The too tight jacket on the model reminds me of a story. About 20 years ago, I was on a business trip to St. Petersburg, Florida. After lunch one afternoon, I strolled downtown and wandered into an old time mens’ shop to browse. The proprietor immediately ushered me in and showed me to the suit section. My eye immediately caught hold of a clearance rack, and I zeroed in. There was a madras similar to the picture above, but darker green with wider lapels, a size 40 long with a $ 9.95 price tag. Less than $ 10, I tried it on ( I’m a 44L) I could button it, but it obviously looked tight.

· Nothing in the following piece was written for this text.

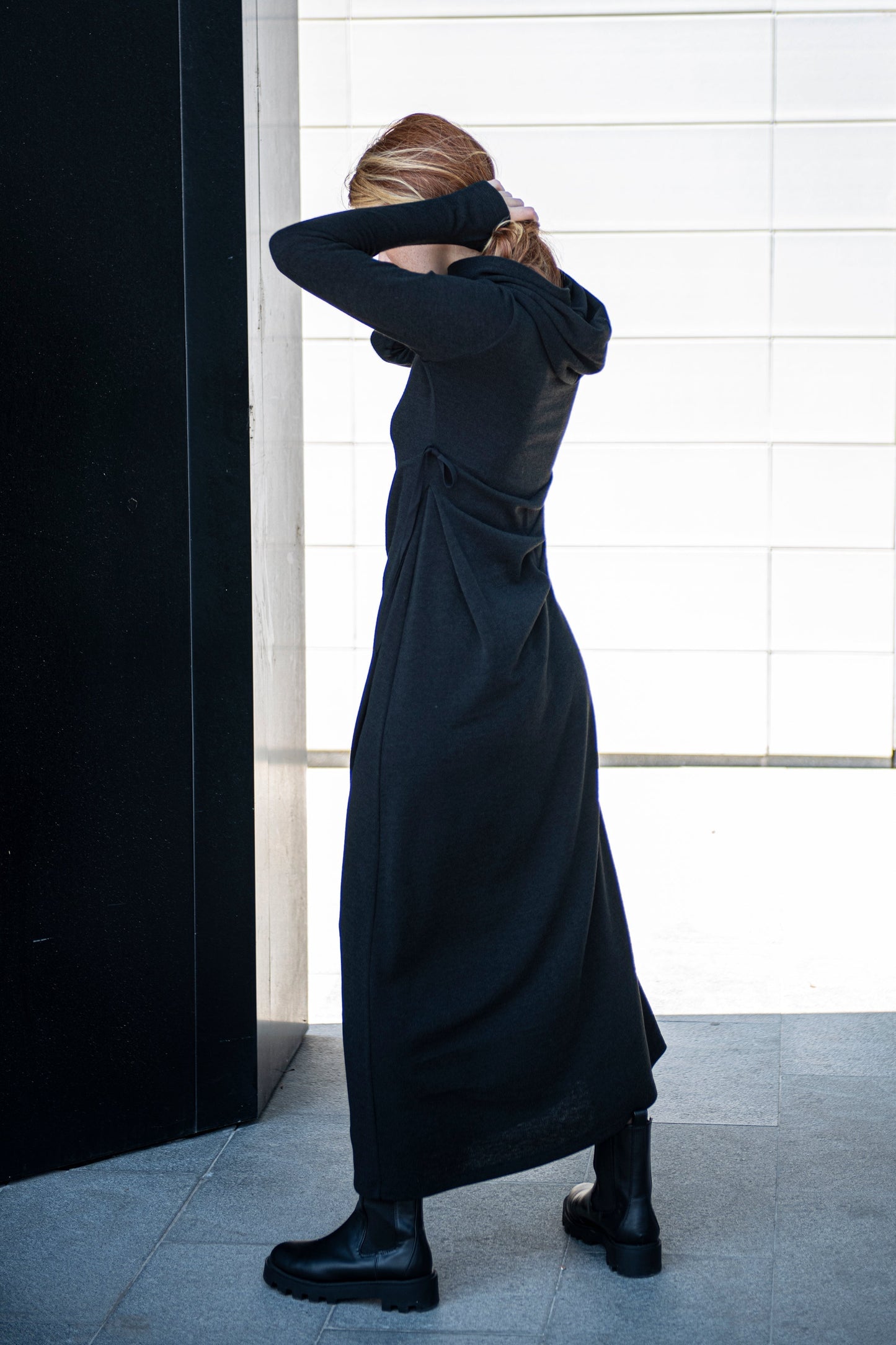 Hooded Knit Dress with Waist Accent, Winter Dress for Women, Knitted Sweater Dress, Long Sleeve Hooded Maxi Dress, Plus Size Maxi Dress, M / Burgundy Hooded Knit Dress with Waist Accent, Winter Dress for Women, Knitted Sweater Dress, Long Sleeve Hooded Maxi Dress, Plus Size Maxi Dress, M / Burgundy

The proprietor looked amazed when I told him I’d take the coat. I figured I’d tell the wife that I paid the full tag price of $ 250, just for the fun of it. When I got home, my wife saw the coat, saw the tag, and casually remarked that I probably bought it for $ 5.
I wore that coat a few times, mostly unbuttoned, along with a solid tie and socks. The wife actually said I looked sharp in it. Go figure. I wish I run into another coat like that some day.
Christian I think you take your readers for granted. I have followed your blog for sometime and it appears that your comments are more often than not conceited, condescending, or derisive when directed towards any of your non-regular contributors. I enjoy your blog, but would enjoy it more if you stopped trying so hard.
DH, I can assure you I’m not trying too hard to sound conceited, condescending and derisive. In fact, I’m not even aware of it.
Allow me to register my total disagreement with your opinion.
If anything it is some comment-leavers, rather than Christian himself, who tend to sound conceited, condescending, or derisive.
An expression of gratitude to Christian is more than deserved.
Wow! It makes the Ben Silver madras jacket, which gave me sticker shock, look like a bargain at $645. I am glad I can still fit into my madras jacket from the 70’s ( a Boston Filene’s Basement find)…just fit that is!
Makes me feel good about the vintage Brooks Brothers madras jacket I picked up in Chestertown, Maryland, for $16
That model in the picture looks like the kind of jackass that would pay $1,200 for a madras jacket.
I must second Old School’s comment. In his comments and replies, CC is nearly always a perfect gentleman, and even when he’s being derisive it’s in such a nice way that perhaps only the person who bears the brunt of the comment takes umbrage (e.g., the tool at WASP 101, whose pretension and cluelessness practically beg to be made fun of).